By: caspy (caspy) 2009-06-02 09:47:54

one more backtrace

By: Sean Bright (seanbright) 2009-06-03 16:43:44

Was the latest crash with the latest from the 1.6.0 branch?

By: caspy (caspy) 2009-06-03 16:52:38

no, it's still 1.6.0.9

By: Sean Bright (seanbright) 2009-06-03 17:09:33

Ah.  Could you try the attached patch (r190288.diff)?  This is a change that went into the 1.6.0 branch that relates to locking in chan_local.  It's very possible that it resolves your crash.

By: caspy (caspy) 2009-06-03 17:18:12

seanbright,
patch installed upon 1.6.0.9. let's look for stability now.
thanks.

By: caspy (caspy) 2009-06-03 17:21:12

(it may take longer time to test, cause i have turned on debug for ASTERISK-1462783.
please, don't close issue too soon)

By: Sean Bright (seanbright) 2009-06-09 12:50:43

caspy,

Have you had any luck replicating this crash after applying the patch?

By: caspy (caspy) 2009-06-09 13:07:54

seanbright,

No. Since the patch was installed asterisk stable.
But, please, leave issue open for an 1-1.5 weeks more. Results will be more accurate, and i also want to return DEBUG_THREADS, and look for error messages about threads trouble gone away.
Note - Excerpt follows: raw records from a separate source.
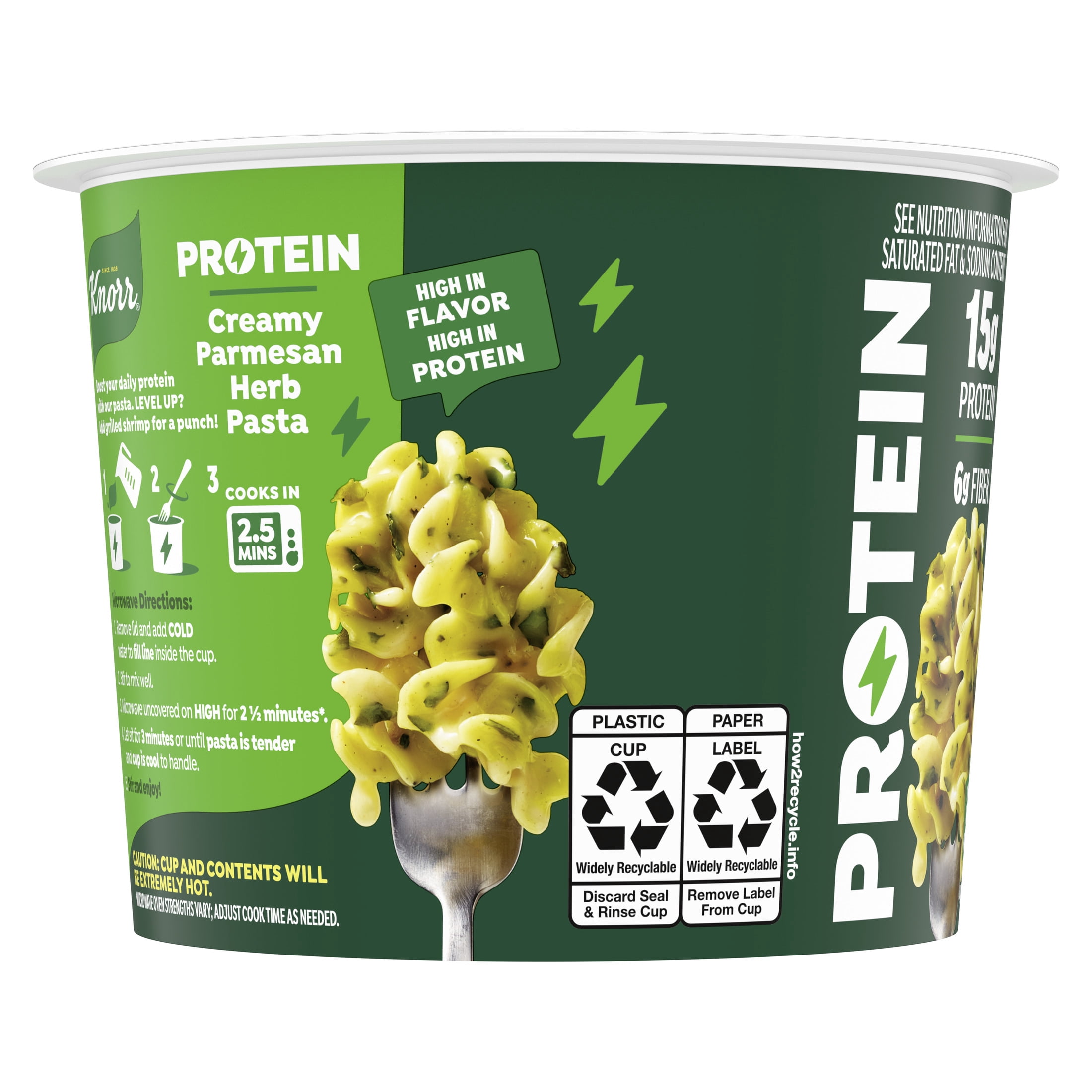 Knorr Protein Creamy Parmesan Herb Pasta Cup, Made with Real Parmesan, 15g of Protein, 2.6oz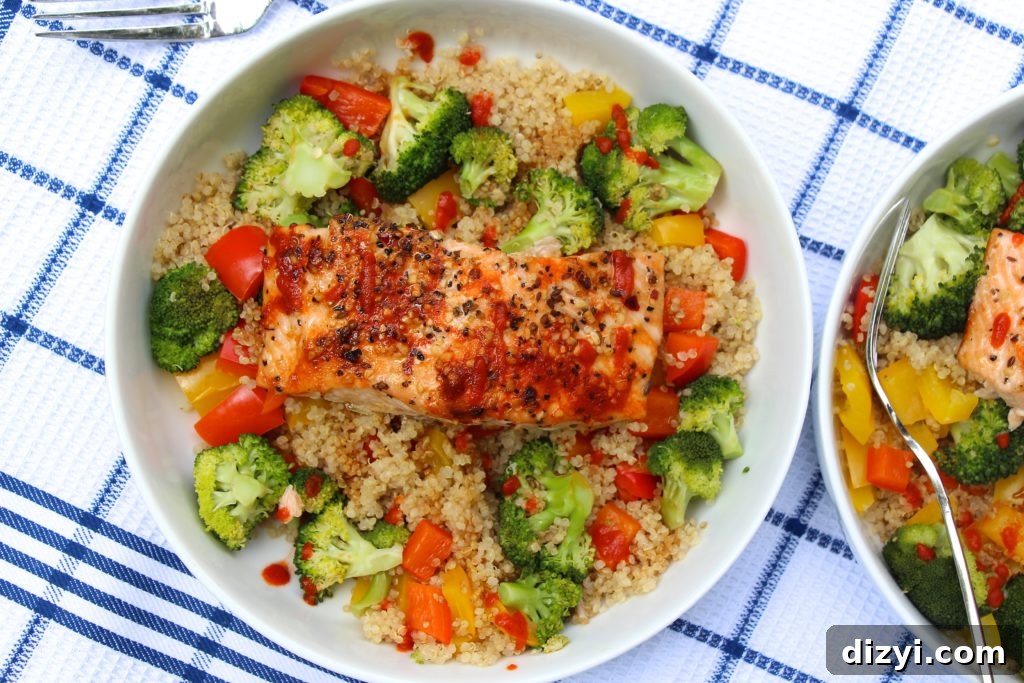 Simple Sriracha Salmon Protein Bowl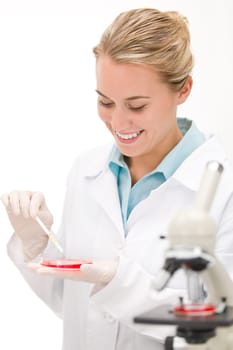 Flu virus experiment - scientist in laboratory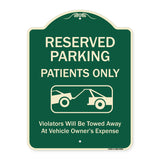 Reserved Parking Patients Only Violators Will Be Towed Away At Owner Expense With Graphic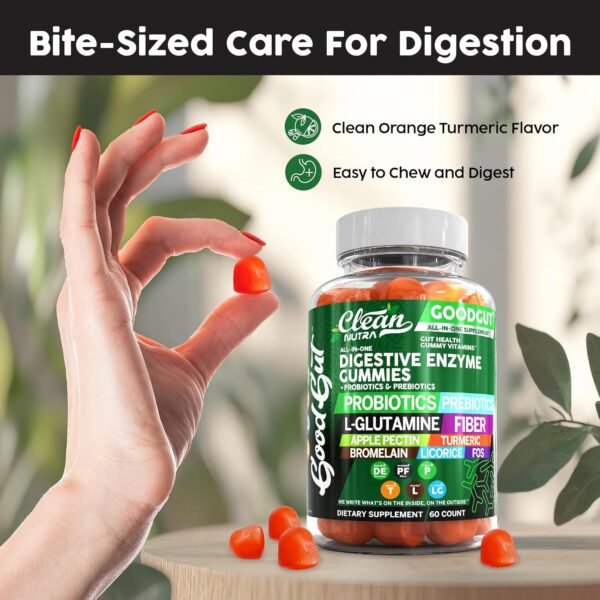 Digestive Enzymes with Probiotics and Prebiotics For Digestive Health Gummies + L-Glutamine For Gut Health Bromelain Turmeric Licorice Fiber Apple Pectin Inulin FOS Plant Pased Vegan Gummy Vitamins - Image 5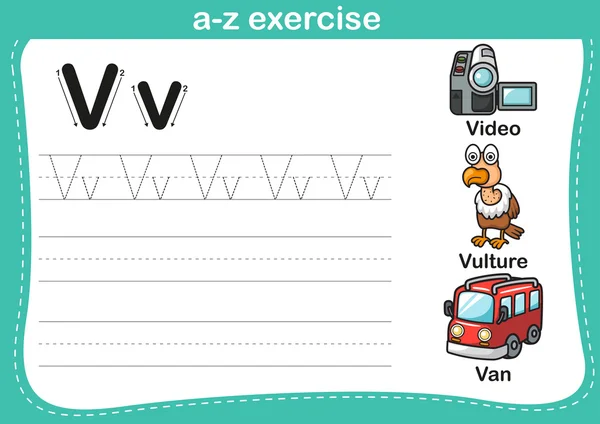 Alfabeto a-z ejercicio con ilustración de vocabulario de dibujos animados — Archivo Imágenes Vectoriales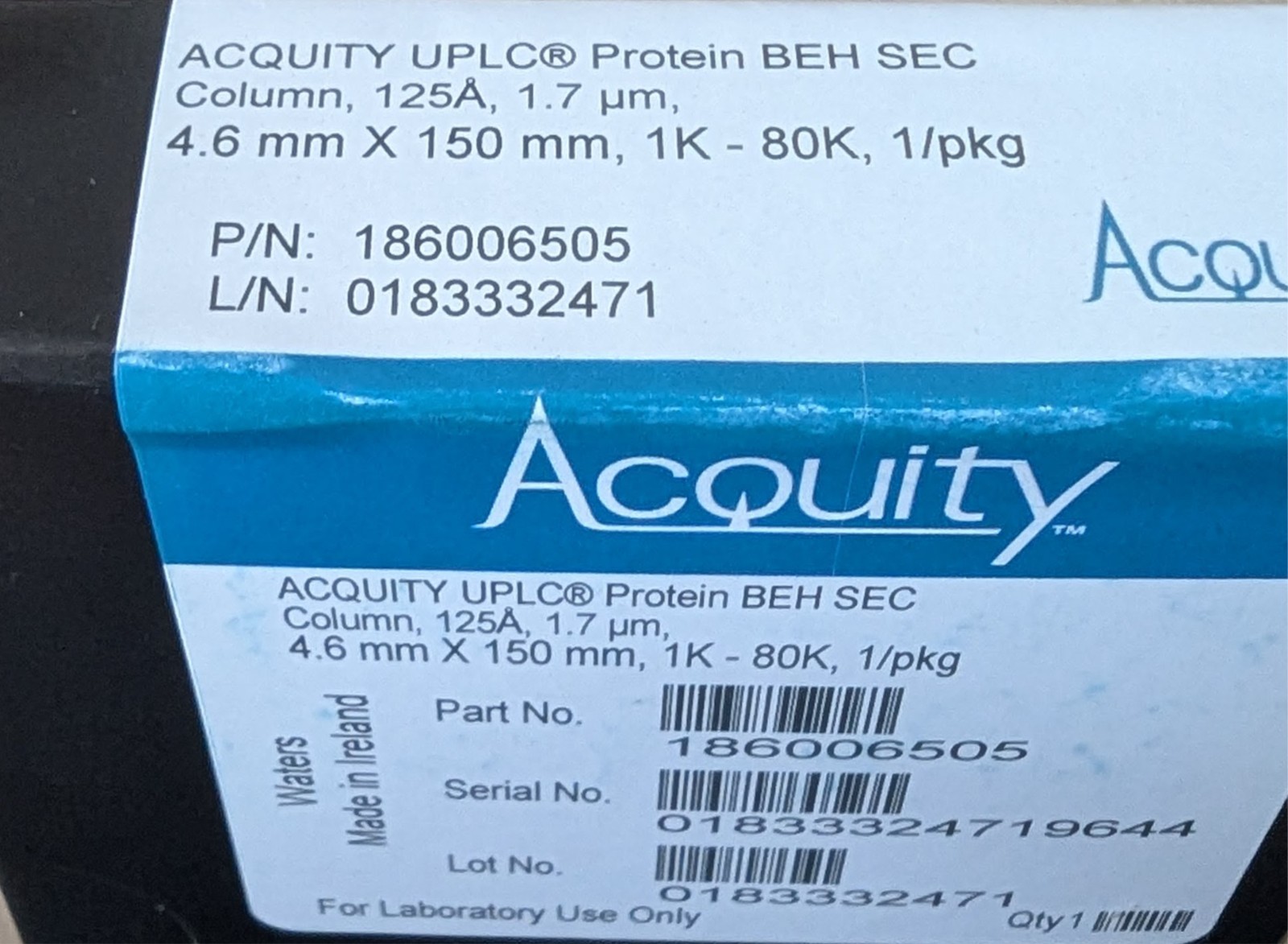 SEALED ACQUITY UPLC Protein BEH SEC Column, 125Å, 1.7 µm, 4.6 mm X 150 mm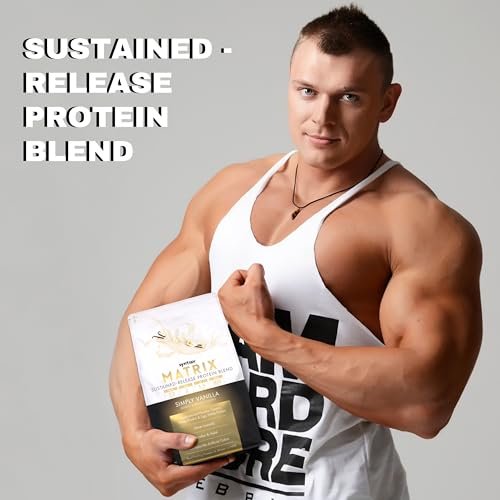 Syntrax Matrix - Sustained-Release Protein Powder Blend - Kosher & Halal - Muscle Support - Simply Vanilla - 5 lbs - with Multi-Purpose Key Chain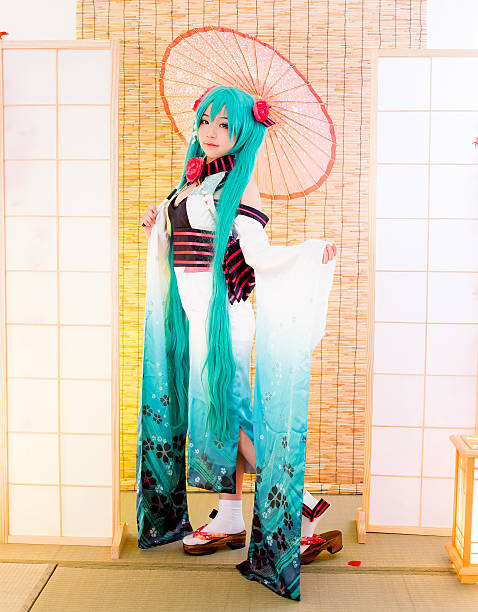 chica asiática cosplay sakura washitsu - cosplay de anime fotografías e imágenes de stock
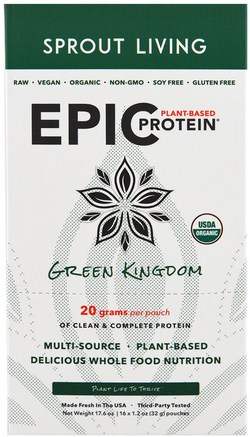 Organic Epic Plant-Based Protein, Green Kingdom, 16 Pouches, 1.2 oz (32 g) Each by Sprout Living-Kosttillskott, Protein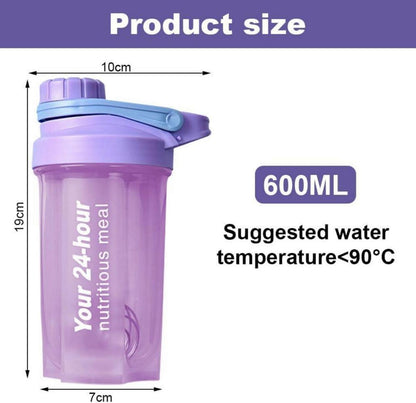 Protein Shaker 600ML Eiweißsportflasche mit Siebeinsatz & Drehverschluss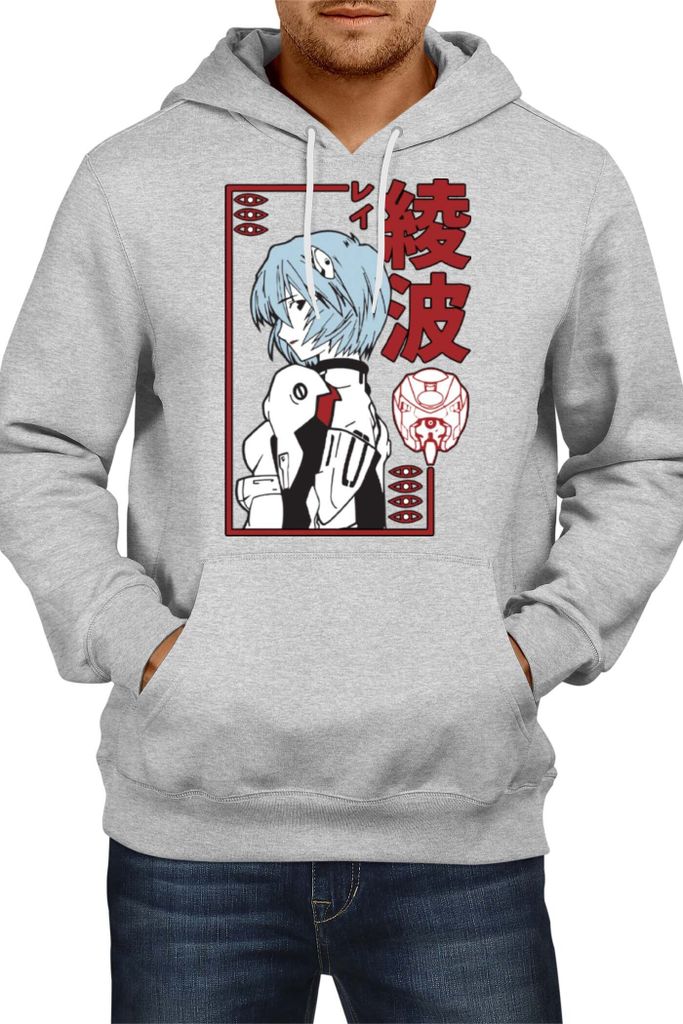 Herren Kapuzenpullover Japan Anime Manga Comics Neon Anime Genesis Manga Evangelion Rei Ayanami, Man XL / Grau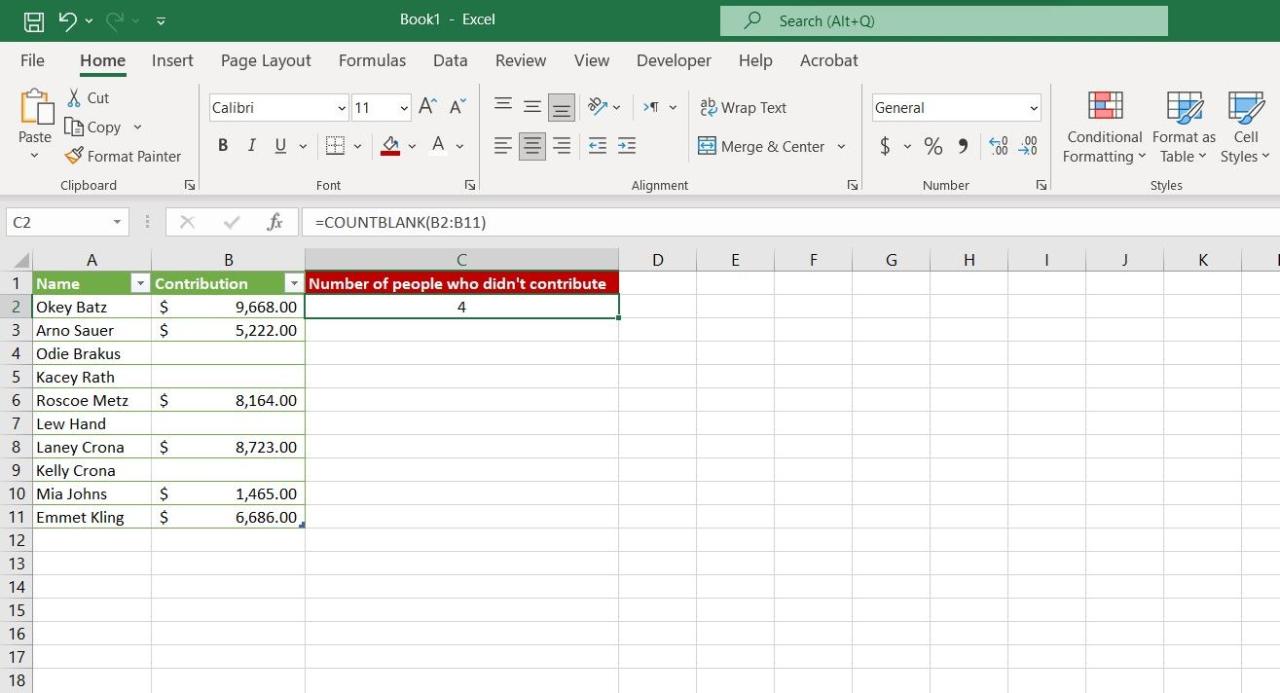 Counting blank cells in a series with COUNTBLANK in Excel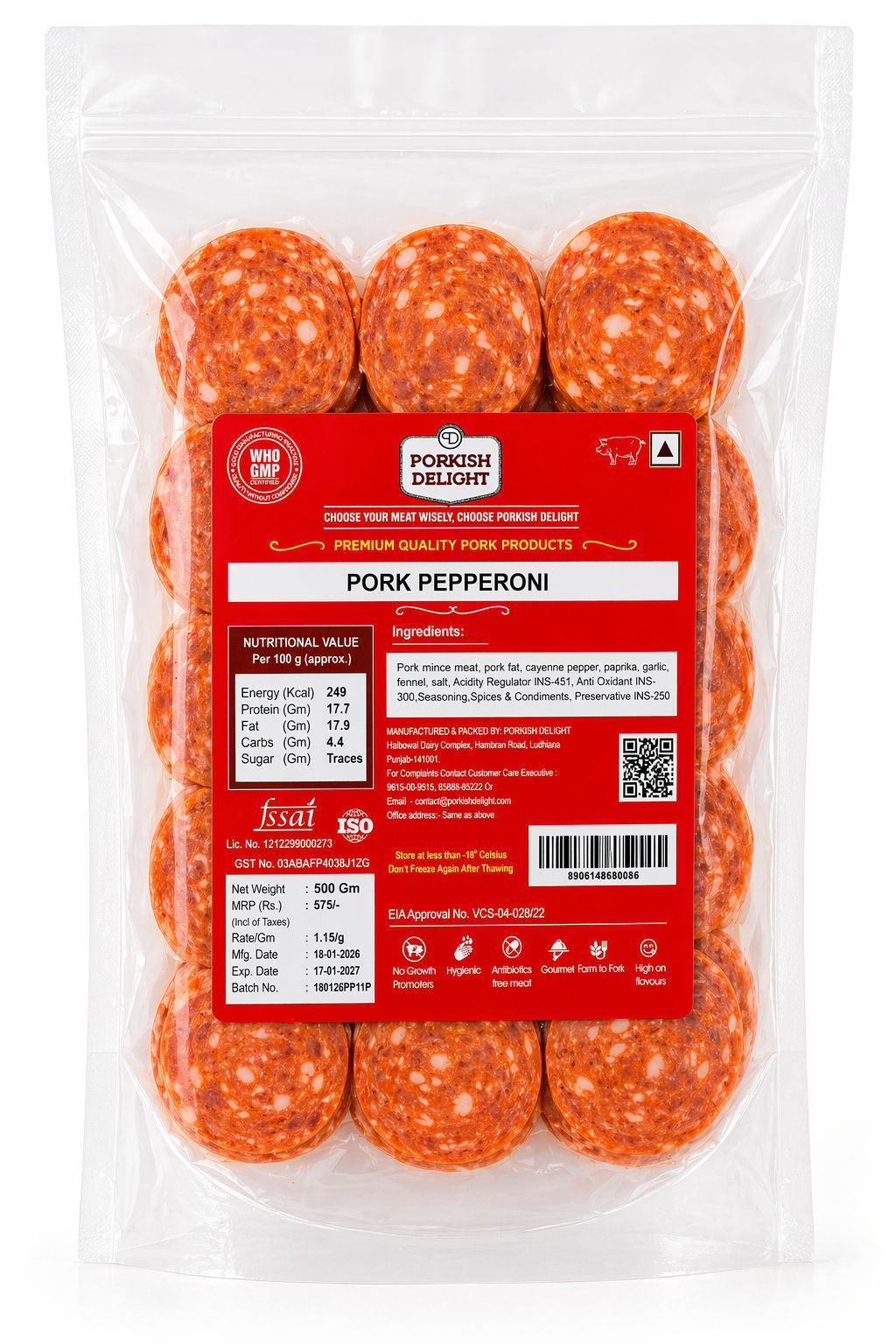 PORKISH DELIGHT Gourmet Pork Pepperoni Slices, 500g | Authentic Smoked Deli Meat for Pizza Toppings, Charcuterie Boards & Keto Snacks | High Protein, Gluten-Free, Traditional Spiced Recipe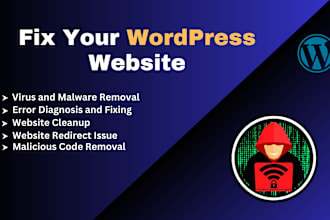 fix wordpress malware or virus removal with security and fix hacked website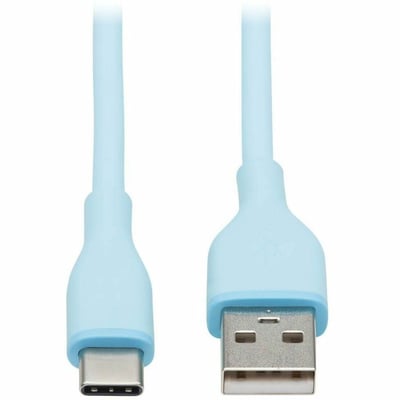 Tripp Lite by Eaton Safe-IT USB-A to USB-C Antibacterial Cable, USB 2.0, Ultra Flexible (M/M), Light Blue, 6 ft. (1.8 m)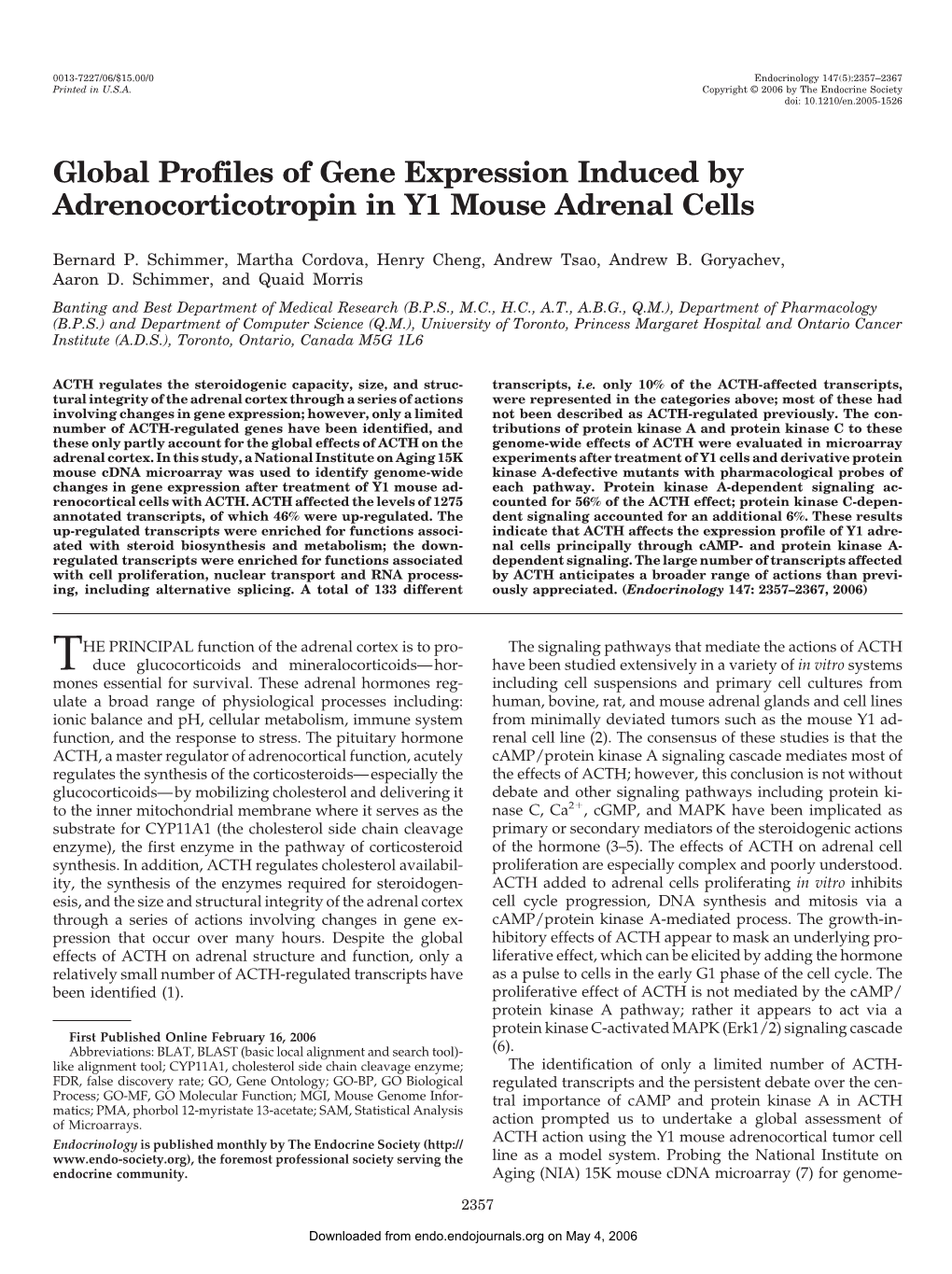 Global Profiles of Gene Expression Induced by Adrenocorticotropin in Y1 Mouse Adrenal Cells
I'll write upon any results.

By: caspy (caspy) 2009-06-15 02:13:51

seanbright,

with this patch messages described in comment 0105384 has gone too.
I think we can consider, that this patch resolves this issue.

Thanks!

By: Sean Bright (seanbright) 2009-06-15 12:00:38

This has already been fixed by r190286 and friends.